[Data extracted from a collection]
━━━━━━━━━━━━━━━━

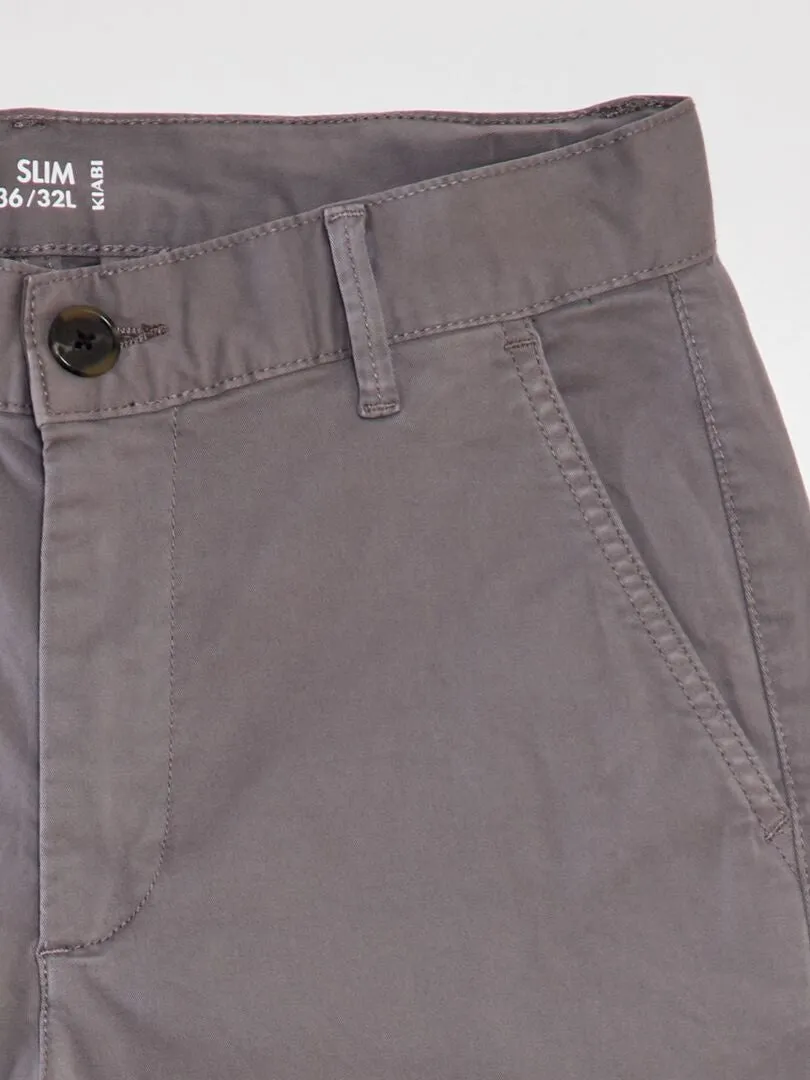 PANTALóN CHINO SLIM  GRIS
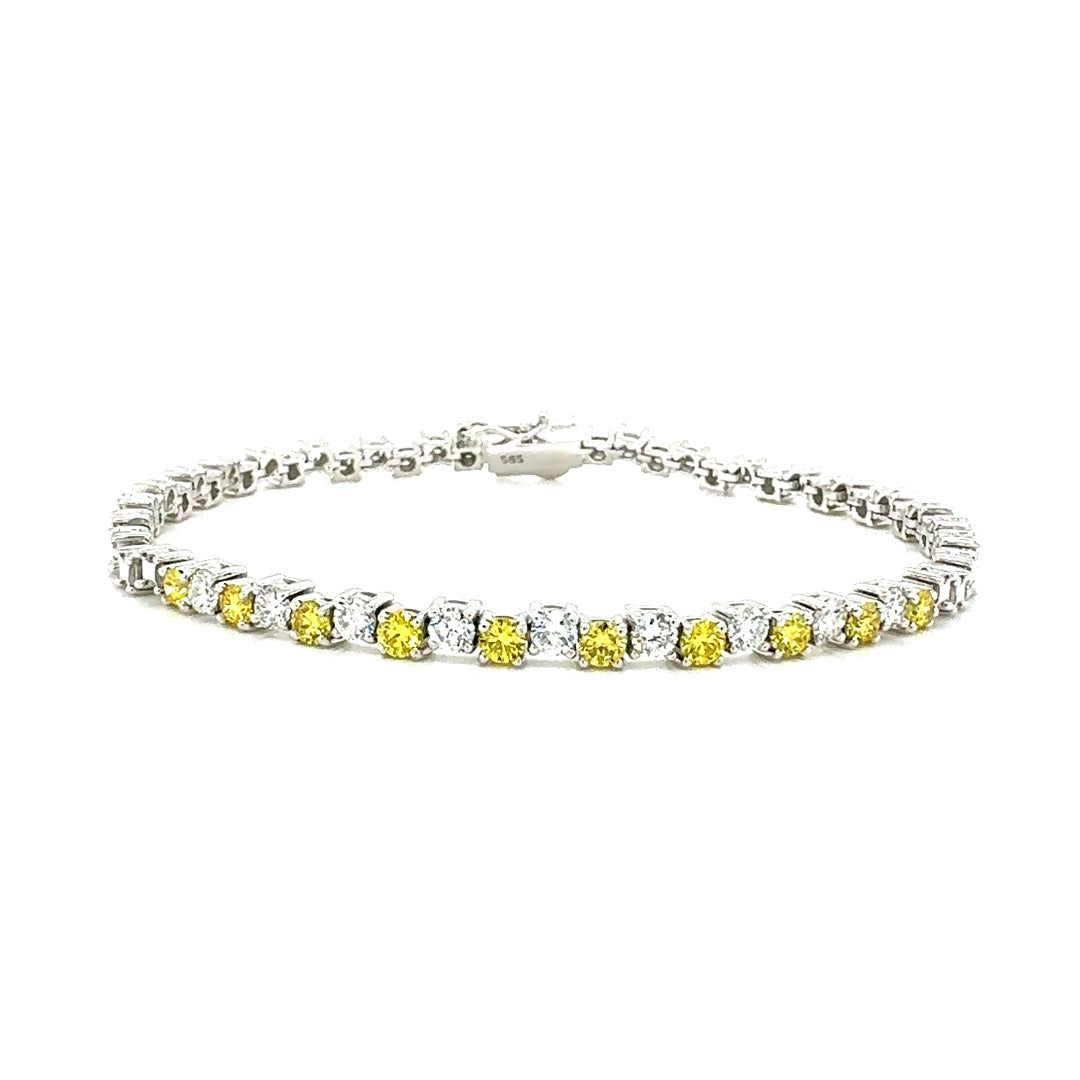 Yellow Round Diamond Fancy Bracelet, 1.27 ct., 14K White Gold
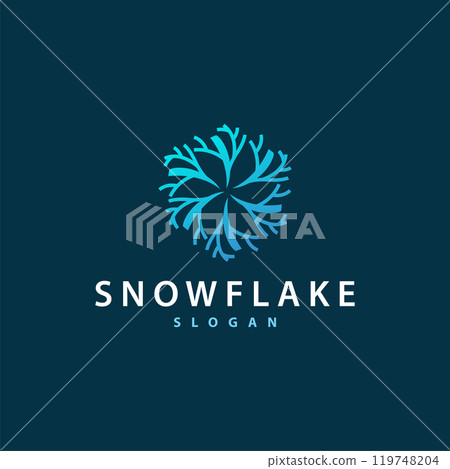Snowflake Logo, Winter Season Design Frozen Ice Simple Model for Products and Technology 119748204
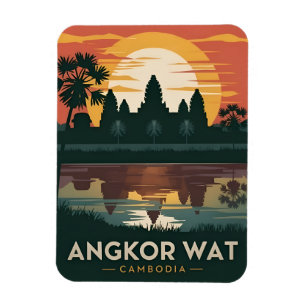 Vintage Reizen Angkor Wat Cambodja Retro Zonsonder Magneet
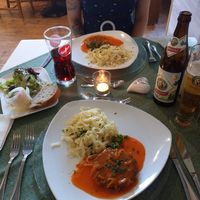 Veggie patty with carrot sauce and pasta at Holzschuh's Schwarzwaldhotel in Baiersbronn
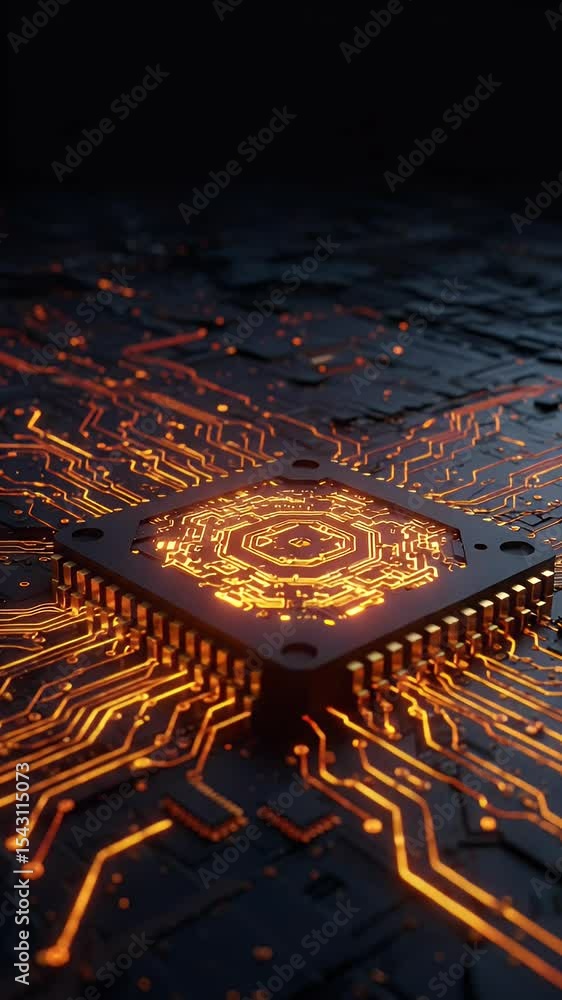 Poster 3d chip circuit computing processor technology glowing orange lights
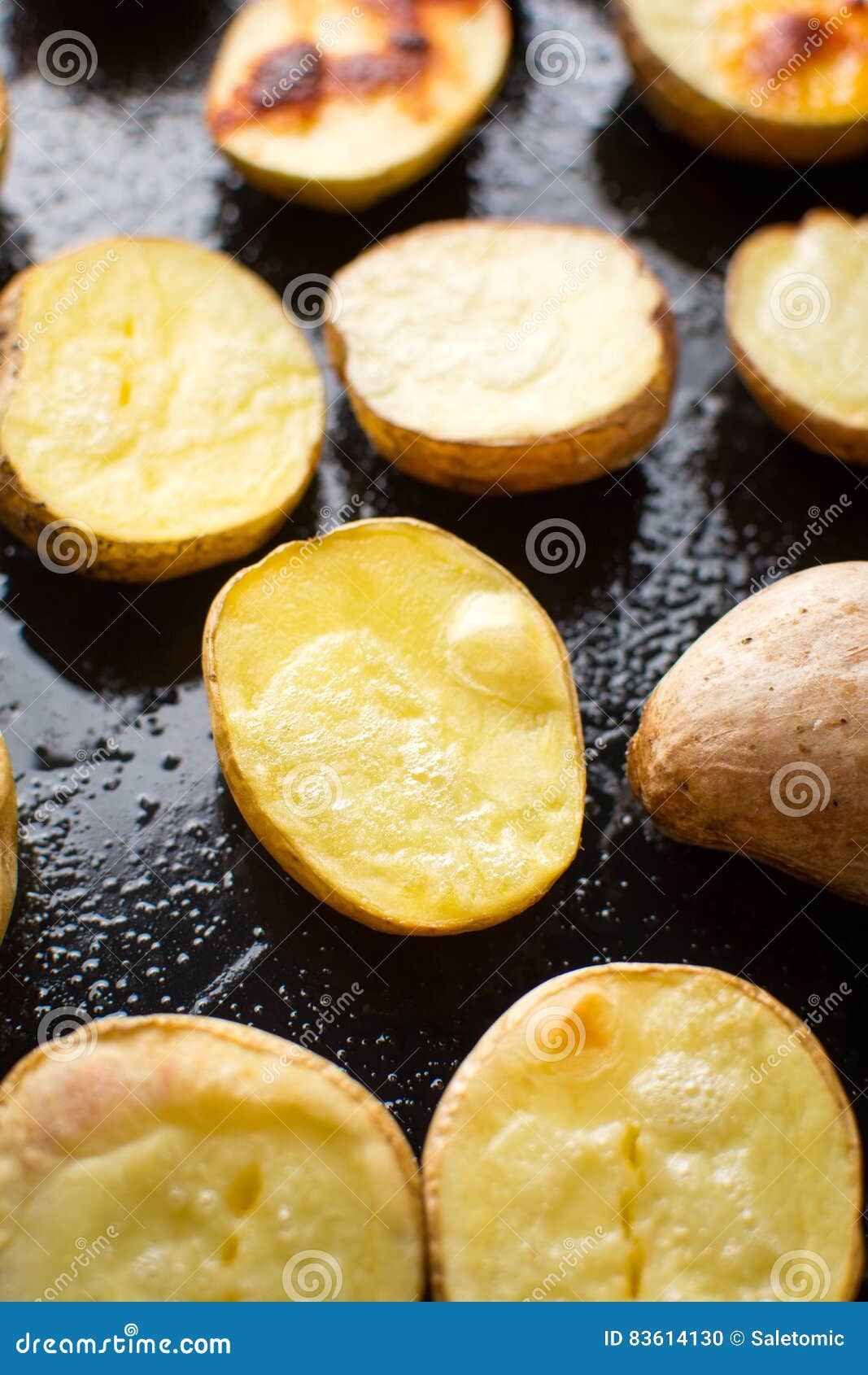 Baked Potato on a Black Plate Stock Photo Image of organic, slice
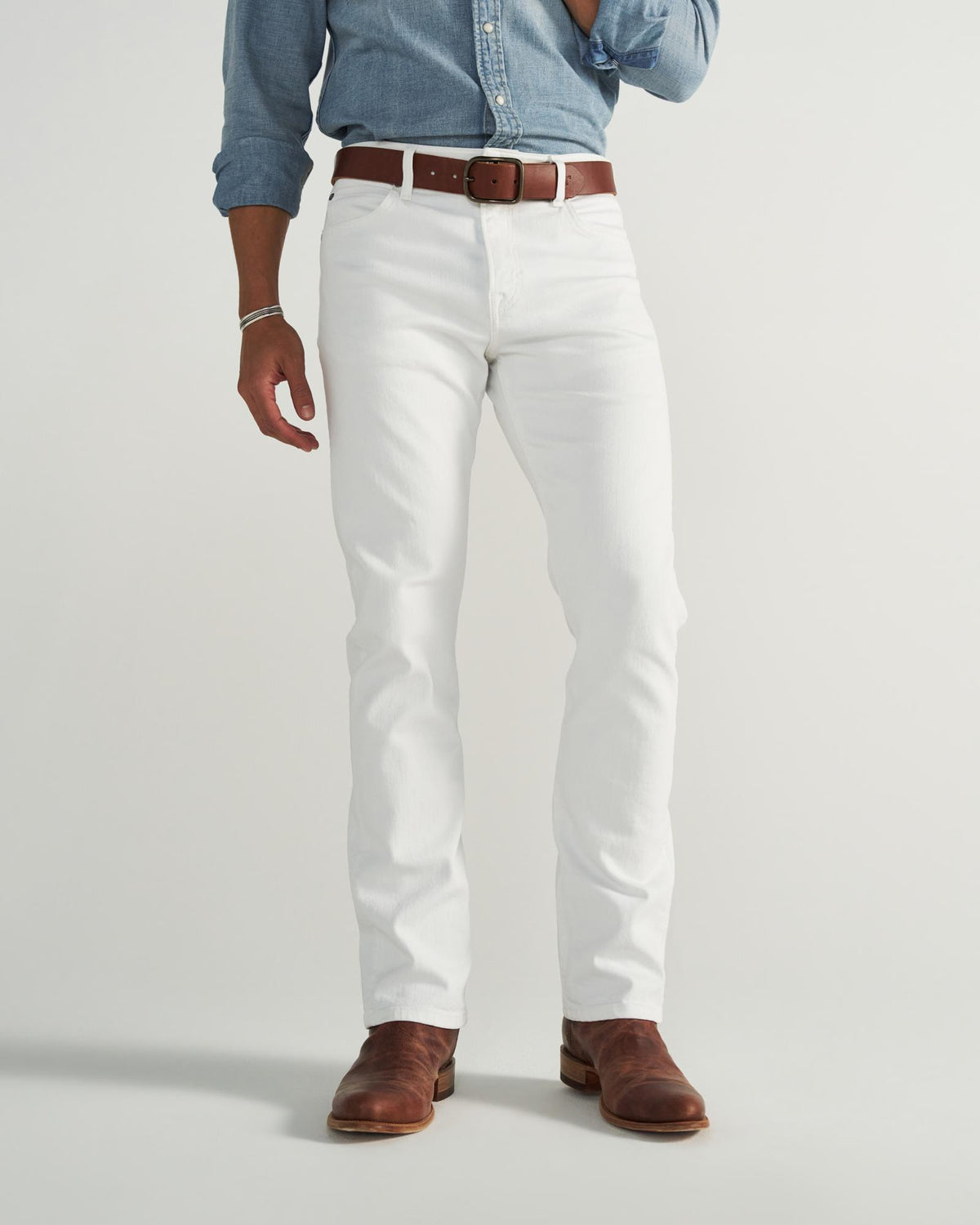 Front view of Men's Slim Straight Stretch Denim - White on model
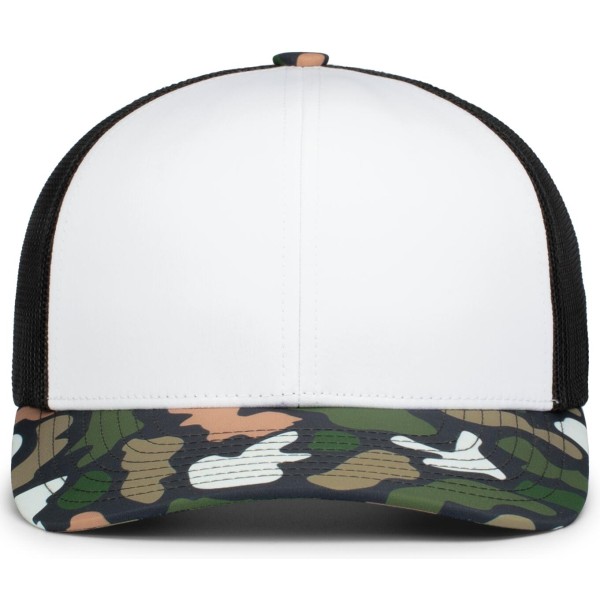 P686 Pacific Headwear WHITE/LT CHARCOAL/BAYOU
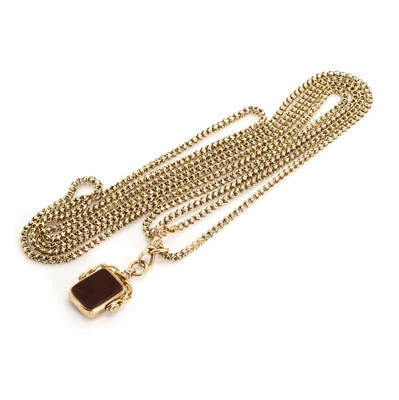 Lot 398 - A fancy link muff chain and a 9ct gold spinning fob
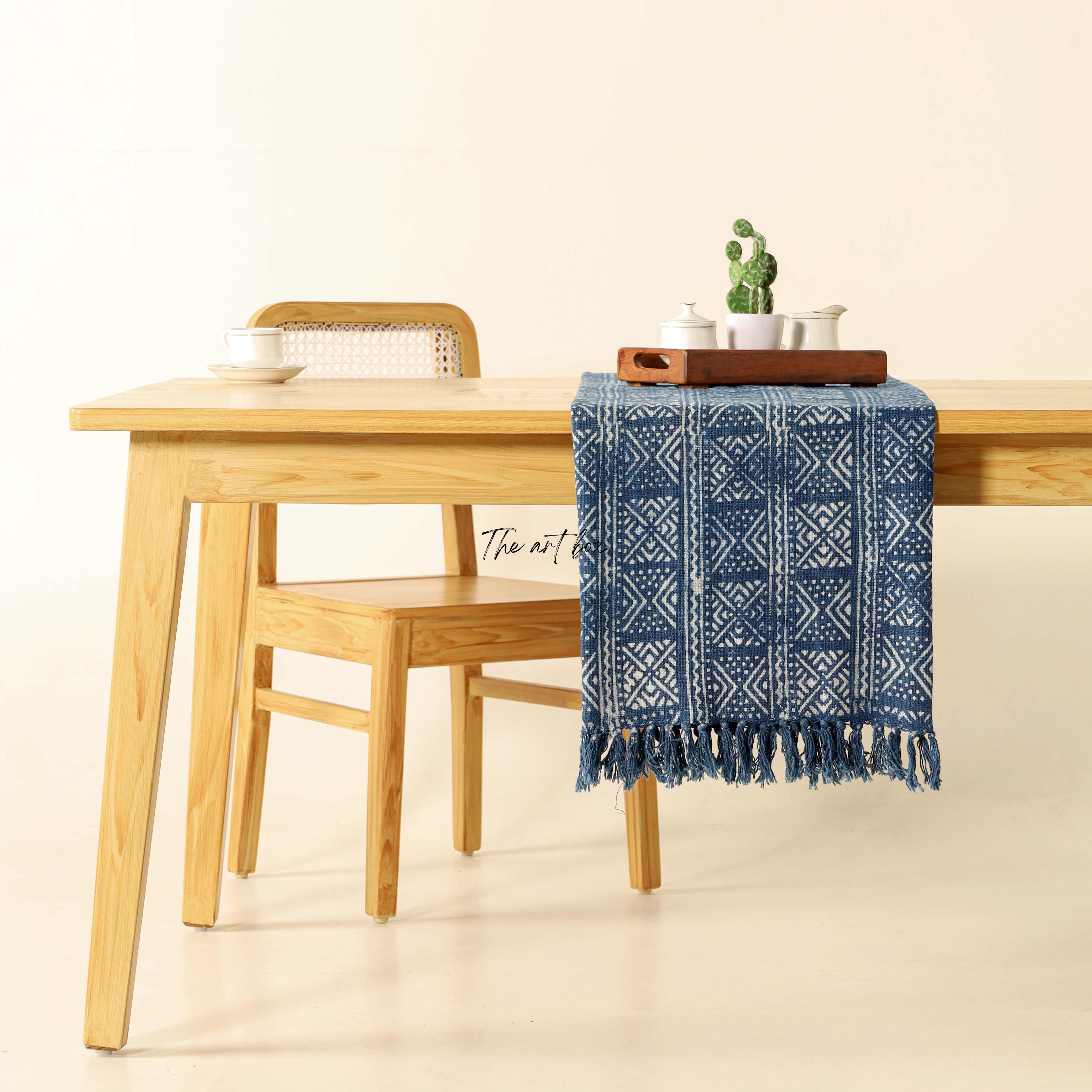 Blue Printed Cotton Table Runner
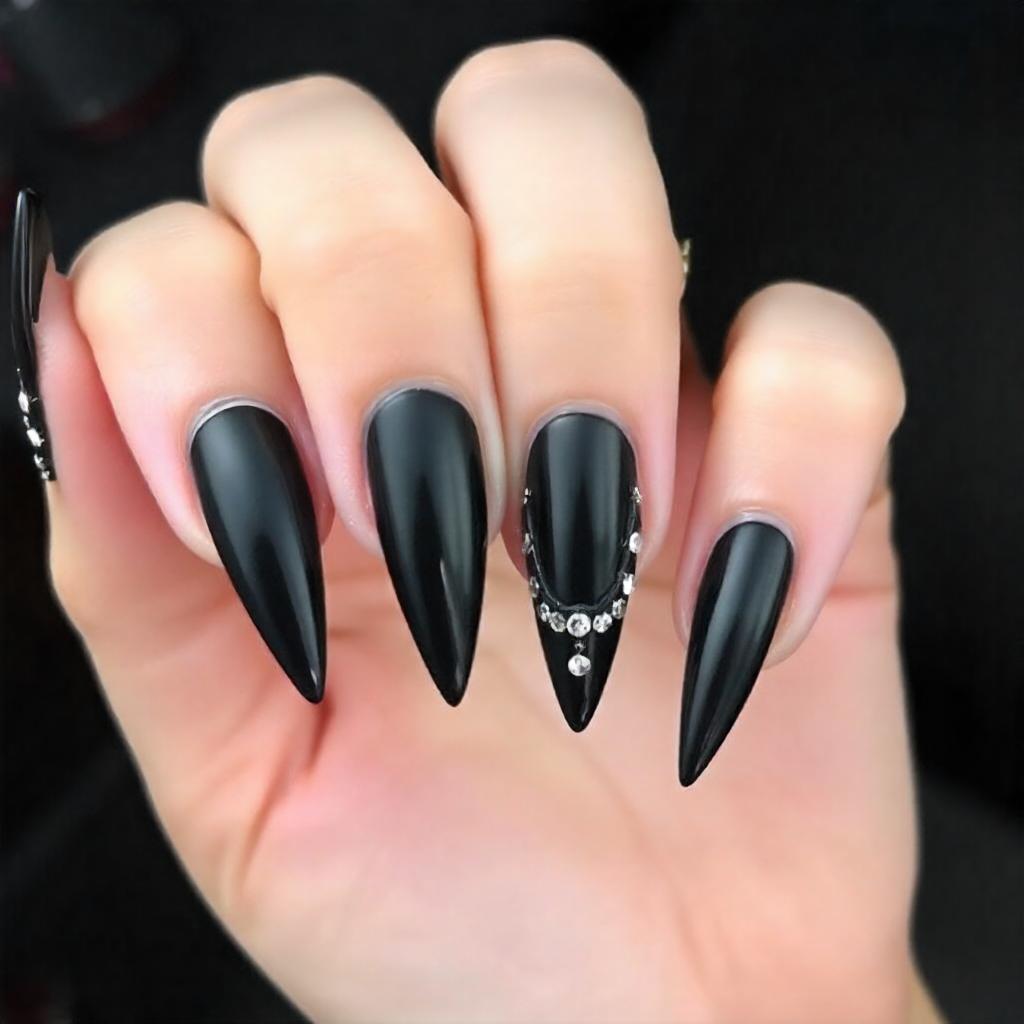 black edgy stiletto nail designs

━━━━━━━━━━━━━━━━

[Instructions for the task]:
Reproduce only the lines from the beginning of the data through the line that contains "P686 Pacific Headwear", both included, and please drop the pictures.

[Answer section]:
 PANTALóN CHINO SLIM  GRIS
 Yellow Round Diamond Fancy Bracelet, 1.27 ct., 14K White Gold
Snowflake Logo, Winter Season Design Frozen Ice Simple Model for Products and Technology 119748204
 Vintage Reizen Angkor Wat Cambodja Retro Zonsonder Magneet
 Veggie patty with carrot sauce and pasta at Holzschuh's Schwarzwaldhotel in Baiersbronn
 Poster 3d chip circuit computing processor technology glowing orange lights
 Baked Potato on a Black Plate Stock Photo Image of organic, slice
 Front view of Men's Slim Straight Stretch Denim - White on model
 P686 Pacific Headwear WHITE/LT CHARCOAL/BAYOU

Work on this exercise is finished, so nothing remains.